Exercise input:
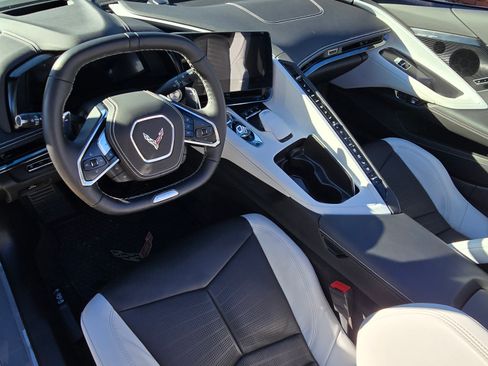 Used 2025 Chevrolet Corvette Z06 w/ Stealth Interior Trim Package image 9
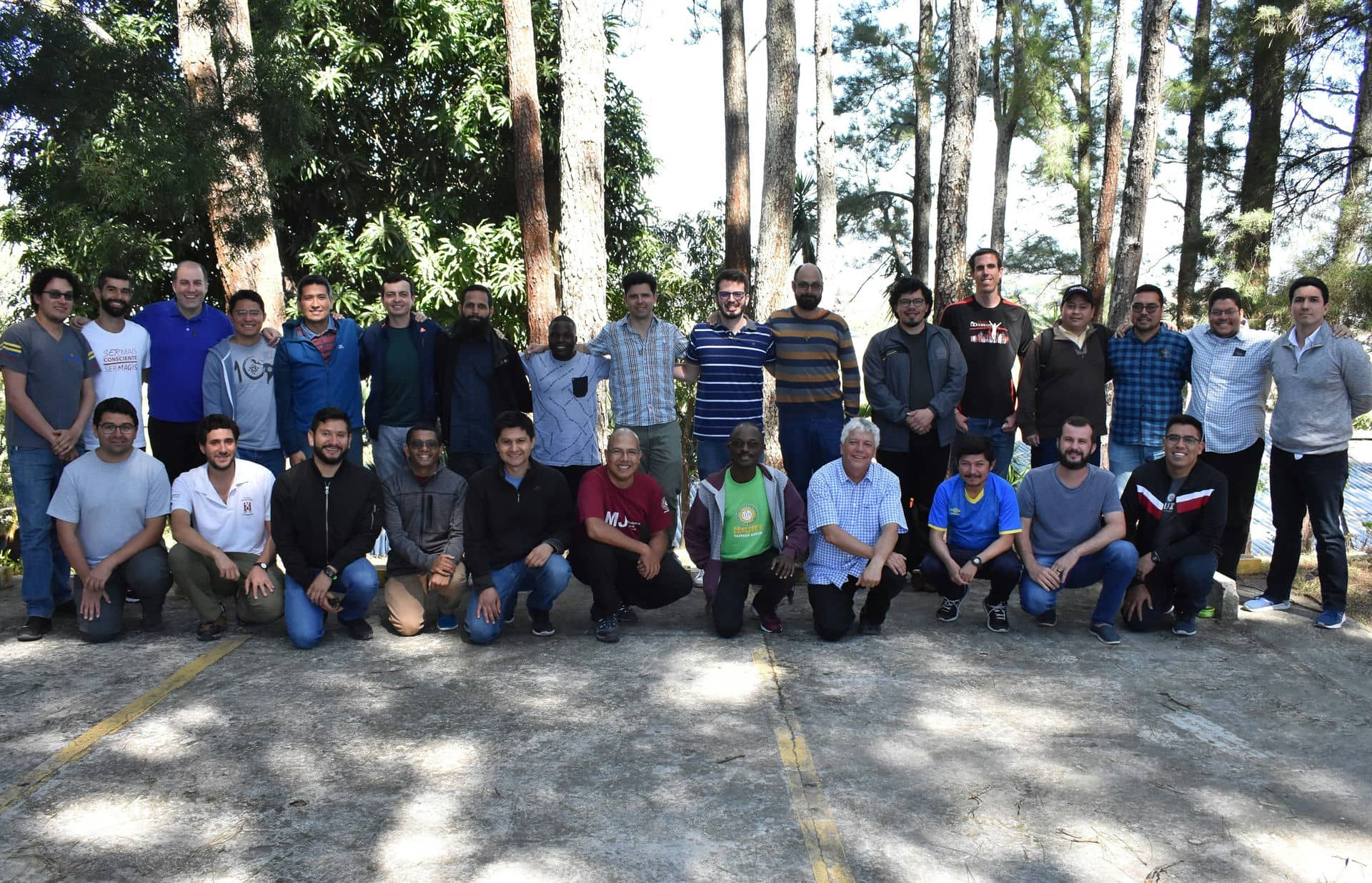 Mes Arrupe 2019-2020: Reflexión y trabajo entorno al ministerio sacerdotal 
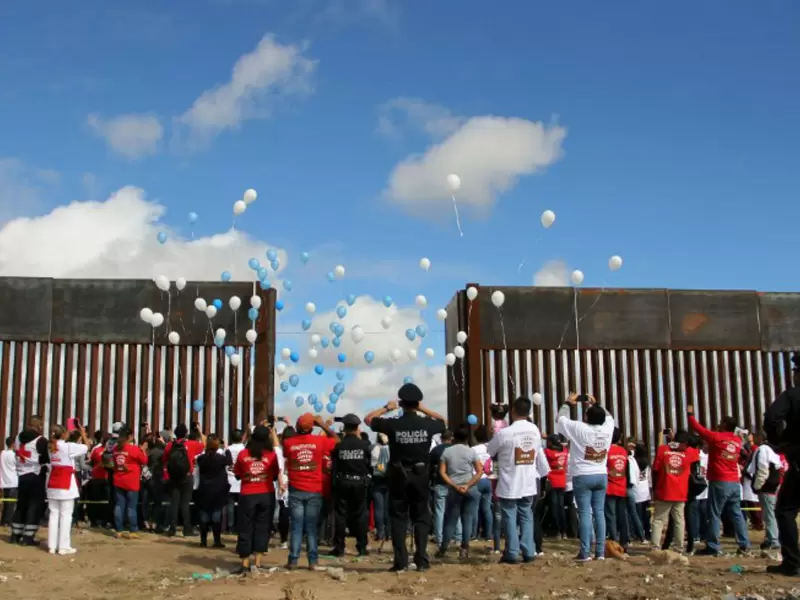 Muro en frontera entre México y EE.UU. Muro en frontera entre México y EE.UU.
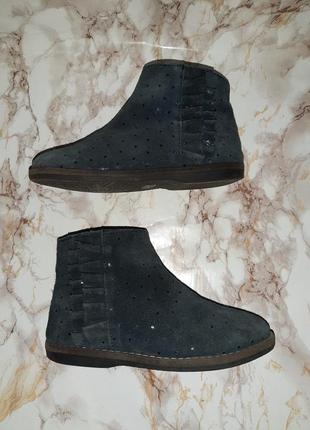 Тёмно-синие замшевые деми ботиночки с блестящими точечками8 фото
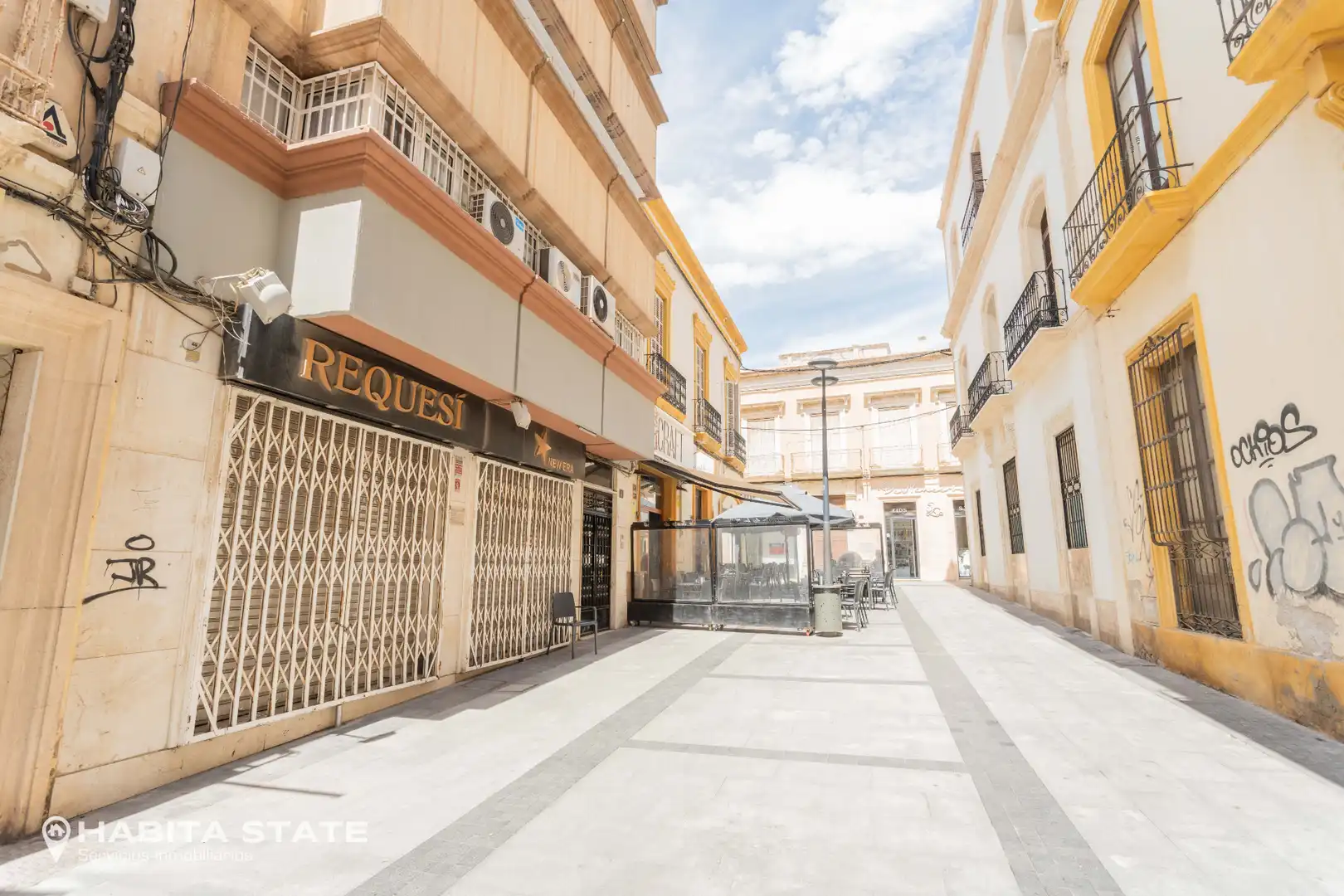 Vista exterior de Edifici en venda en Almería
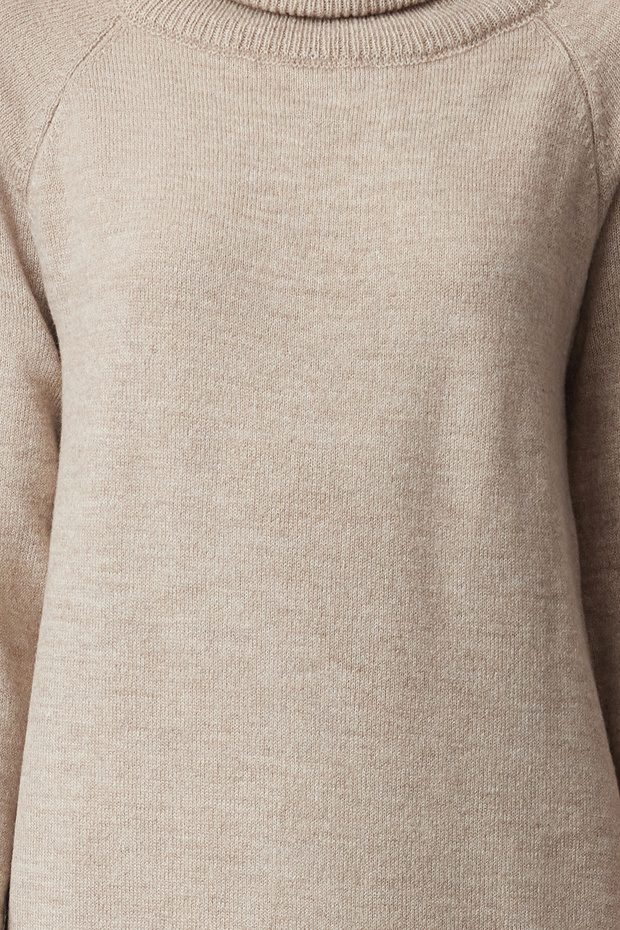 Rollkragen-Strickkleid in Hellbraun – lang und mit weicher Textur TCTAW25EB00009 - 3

Aim of the task:
Pictures in the records are to be left out; repeat everything else exactly.

Written response:
 Used 2025 Chevrolet Corvette Z06 w/ Stealth Interior Trim Package image 9
 Mes Arrupe 2019-2020: Reflexión y trabajo entorno al ministerio sacerdotal 
 Muro en frontera entre México y EE.UU. Muro en frontera entre México y EE.UU.
 Тёмно-синие замшевые деми ботиночки с блестящими точечками8 фото
 Vista exterior de Edifici en venda en Almería
 Rollkragen-Strickkleid in Hellbraun – lang und mit weicher Textur TCTAW25EB00009 - 3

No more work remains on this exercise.